Details from the experiments used to populate the results table are saved in a yaml file, output_info.yaml. This file also includes the KPI information used to populate the results tables in the appendices. By default, all experiments save the hydra configuration details and a log file. Value iteration experiments may save checkpoints of the value function, and by default will save the final policy and the final estimate of the value function (poilcy.csv, V.csv). Simulation optimization experiments save a record of the trials run by Optuna (trials.csv) and the row corresponding to the best trial (best_trial.csv) by default.

Tests

The test suite is intended to be high level, comparing outputs of our methods (e.g. policies, heuristic policy parameters and mean returns) to those reported in the original papers. Some tests may fail due to an out-of-memory error if run on a GPU with less than 12GB of VRAM because the maximum batch sizes (for value iteration) and number of rollouts to perform in parallel (for policy evaluation) have been set to run on the Nvidia GTX 3060 used during development.

Recommended resources

JAX

Getting started

The JAX documentation includes JAX 101, a set of interactive introductory tutorials. We also recommed reading JAX - the sharp bits to understand key differences between NumPy and JAX.

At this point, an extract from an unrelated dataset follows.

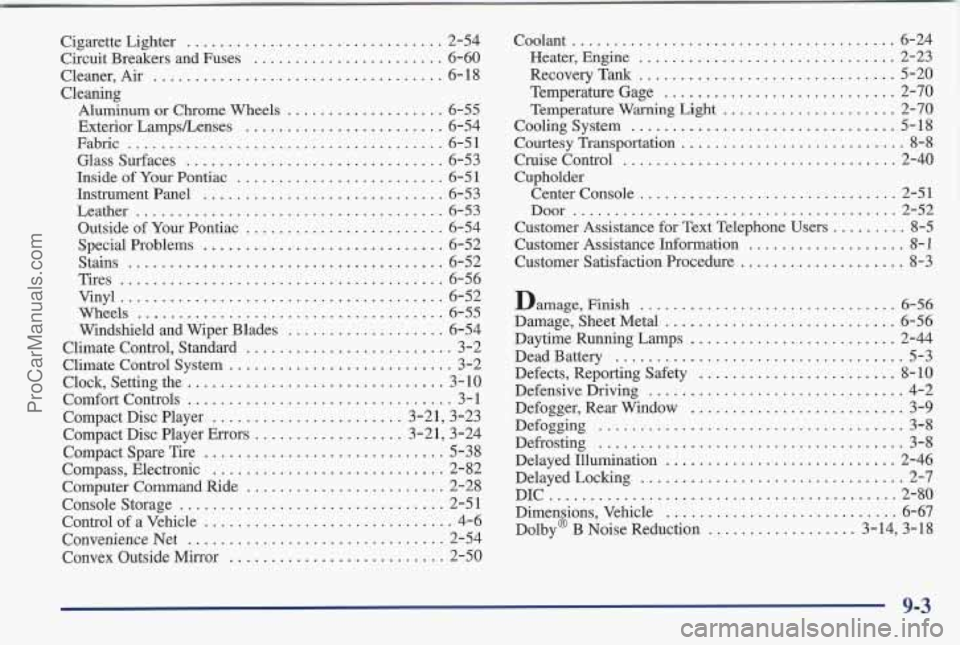 PONTIAC BONNEVILLE 1997 Owners Manual 81-spl-s .................. UOWnPaX as?oN 8 .hqIOa L9-9 ............................ app~ suorsuama 08-z...................................... xa L-z."".................... 8uq307 pahvlaa PONTIAC BONNEVILLE 1997 Owners Manual 81-spl-s .................. UOWnPaX as?oN 8 .hqIOa L9-9 ............................ app~ suorsuama 08-z...................................... xa L-z."".................... 8uq307 pahvlaa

The Awesome JAX GitHub repository contains links to a wide variety of Python libraries and projects based on JAX.

Value iteration

Thomas J Sargent and John Stachurski provide an interactive tutorial implementing value iteration in JAX for an economics problem and compard the speed of two NumPy-based approaches with GPU-accelerated JAX.

Hydra

We specified the configurations of our experiments using Hydra, which support composable configuration files and provides a command line interface for overriding configuration items.

Gymnax

We created reinforcement learning environments for each scenario using Gymnax. Gymnax provides an API similar to the OpenAI gym API, but allows simulated rollouts to run in parallel on GPU. This is particularly helpful for simulation optimization because it allows many possible parameters for the heuristic policies (e.g. a base-stock policy) to be evaluated at the same time, each on many parallel rollouts.

Optuna

We used Optuna to search the parameter spaces for heuristic policies in our simulation optimization experiments.